İzleyicinin baktığı yere göre işlerin çok farklı çağrışımlar yapıyor. Bazen mizahi, bazen hüzünlüler, bazen malzemeyle bütünleşme isteği uyandırıyor, bazen huzursuzluk yaratıyorlar. Bu kırılgan ve ölü gibi görünen nesneler âdeta yeni bir yaşam, bir canlılık kazanıyor. Sen bu senaryoları kurgularken seyirciye nasıl bir perspektif aktarmak istiyorsun?
Süreç içerisinde benim de kimi zaman üzerinde durduğum bir soru bu. Senin bahsettiğin özellikleri de bünyesinde taşıyabilecek olan ana özellik, sanırım eserlerimle karşılaşan insanlara çizimlerini oluşturduğum imgelerin özne olabilme ihtimalini düşündürmek. Beni meşgul eden kısım burası diye düşünüyorum. İnsan olmayan varlıkların personasına ulaşmak ve izleyiciye de bunu hissettirmek istiyorum. Benim şahit olduğum manzarayı aslında başkalarına da gösterme isteğinden de doğuyor bu durum tabii ki. Olur ya bazen, aniden hareket eden birşey görürüz ve yanımızdakine de göstermek isteriz ama çok geçtir artık, o göstermek istediğimiz an yok olur gider ve bir tamamlanamamışlık hissi olur içimizde, bir tatminsizlik ve kabullememe hali. Şahit olduğun ânın duygusunun tıpa tıpını yanındakine de deneyimletmek istemişsindir. Bu çok bilinç dışı ve içgüdüsel olarak ortaya çıkıyor sanırım. Biraz çocuksu da bir duygu olabilir. Diğer birçok şeyde de bu durum oluyor aslında. Güzel bir yemek yesem, sevdiğim insanların da mutlaka bunu denemesi gerektiğini düşünüyorum. Ya da güzel bir konserde olsam, bütün sevdiklerimin de mutlaka onu görmesini isterim. Bilmem, belki de biraz bencilce bir durumdur bu. Sanırım bir noktada altan alta, izleyenlere önerim, halihazırda bize verilmiş olan anıtların dışından bize, gözlerimize ve kendi kişisel doğamıza uygun anıtlar yaratmak. Anıt derken bunu tabii kendi işlerimin bağlamında söylüyorum. Sanırım gücün bize dayatmasıyla sahiplendiğimizi anıtları kenara bırakıp gözlerimizi özgürleştirerek kendi imgelerimizi yaratmamız gerekiyor. Belki toplum ve birey olarak küflenmiş yapıların dışında otantik bir şeyler aramamız gerekiyor. Benim çalışmalarım, bunun kendimce bir denemesi aslında.
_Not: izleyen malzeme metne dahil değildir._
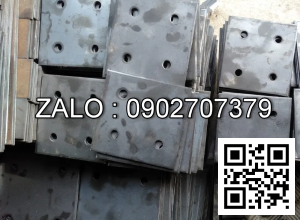 Bản mã gắn điện trở 85x33mm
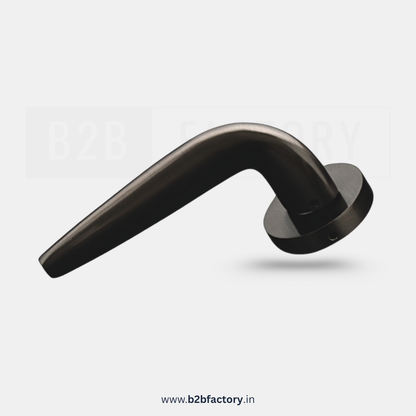 Brass Mortise Handle 013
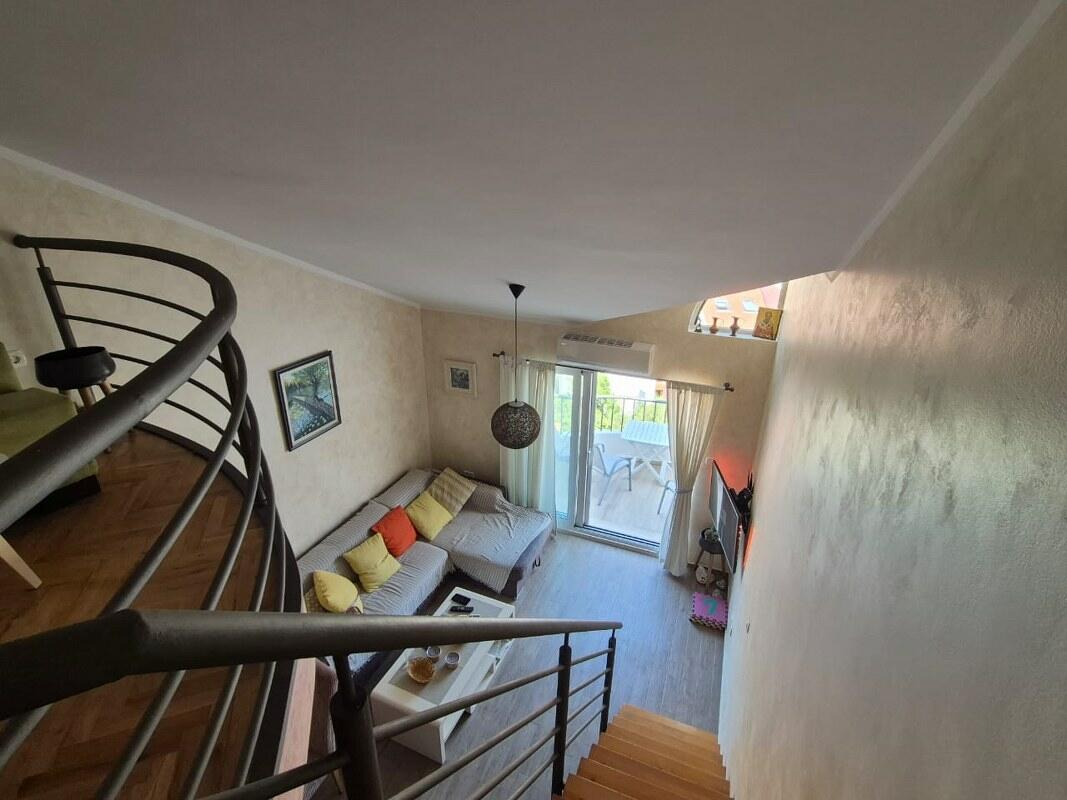 Wohnung in Budva, Montenegro, 73 m² - Foto 1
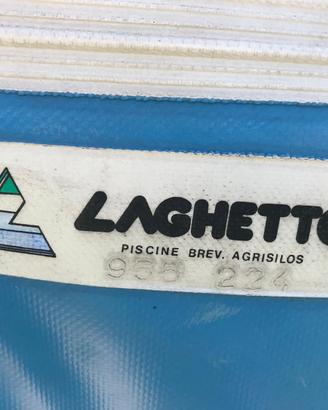 Laghetto piscina fuori terra morbida Classic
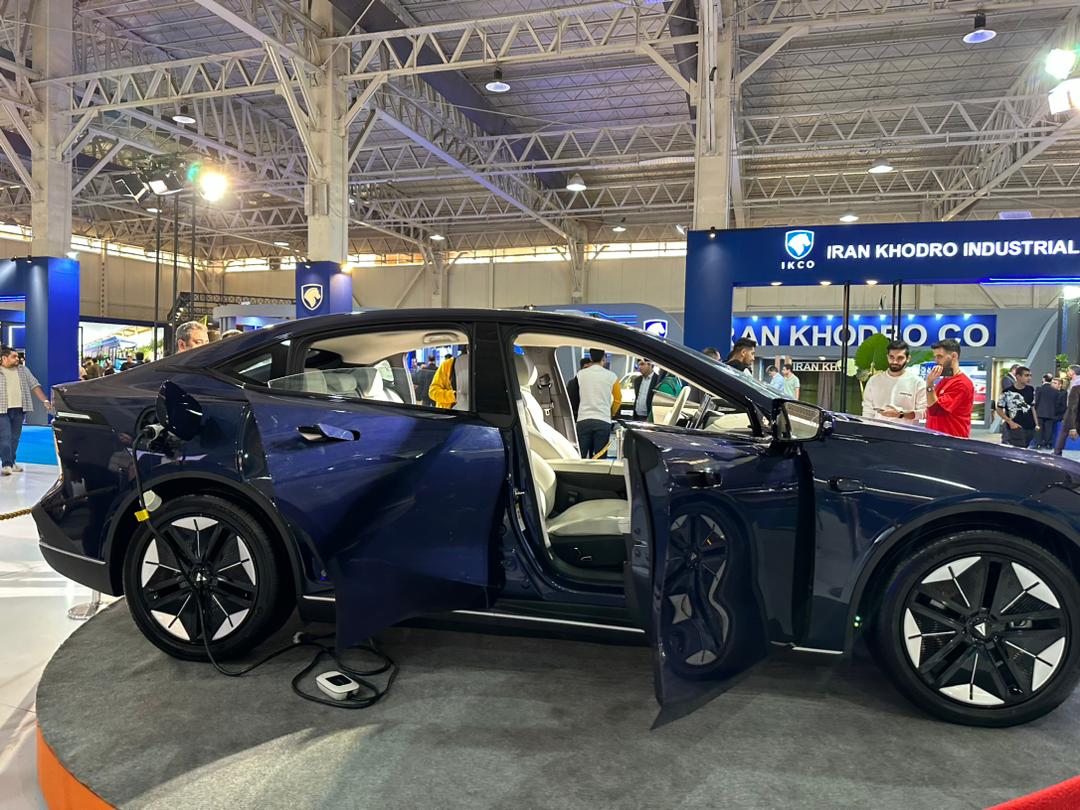 بررسی چانگان شنلن SLO3 رقیب تسلا در سبد سایپا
Füzen tekniğini ve siyah-beyazı tercih etmenin nedeni nedir? Nesneleri belli bir zamansallıktan koparmak ya da gölgeleri vurgulamak mı?
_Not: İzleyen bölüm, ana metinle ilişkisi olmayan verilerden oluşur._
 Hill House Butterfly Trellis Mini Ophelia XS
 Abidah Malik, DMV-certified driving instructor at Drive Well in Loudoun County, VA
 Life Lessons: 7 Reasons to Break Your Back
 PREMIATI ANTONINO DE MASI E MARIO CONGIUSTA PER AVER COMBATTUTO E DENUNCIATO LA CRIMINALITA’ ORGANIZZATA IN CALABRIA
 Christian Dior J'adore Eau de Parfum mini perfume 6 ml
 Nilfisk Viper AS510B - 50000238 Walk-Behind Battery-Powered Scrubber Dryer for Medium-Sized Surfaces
Aslında siyah-beyaz tercihimden önce füzeni tercih ettim diyebilirim. Haliyle böylece siyah ve beyazı seçmiş oluyorum. Biraz garip bir cümle gibi görülebilir bu. Renk veya siyah-beyaz düşüncesinden öte, füzenin renkten bağımsız kendi doğası önceliklerimi belirledi. Füzenin tozumsuluğu ve haliyle o uçucu olma özelliği bu malzemeye yaklaştırdı beni. Füzen de siyah olduğu için bir şekilde siyah-beyaz dünyasının içinde buldum kendimi. Tabii ki benzer yapıda renkli malzemeler var ama içlerinde kimyasal karışımlar var ve hiçbir zaman füzenin o basitliğine ulaşamıyorlar. Bu dediğim gibi basit bir malzeme tercihi değil, işlerin kavramsal çerçevesini de oluşturmaya iten bir seçim oldu. Neticesinde doğal bir malzeme ve bir sistemi yok. Her yeni çizim için yeni bir huya ve karaktere bürünüyor ve bunu çözmem de zaman alıyor ve çözemiyorsun çoğu zaman. Beklenmedik anda kırılıyor, çizimin bitmiş bir alanı parmak değse bozuluyor, aslında parmaklarının arasında bir düşman seni her an tuzağa düşürmek için bekliyor gibi hissetiriyor füzen. Bu da bir inatlaşma hali getiriyor bana diyebilirim.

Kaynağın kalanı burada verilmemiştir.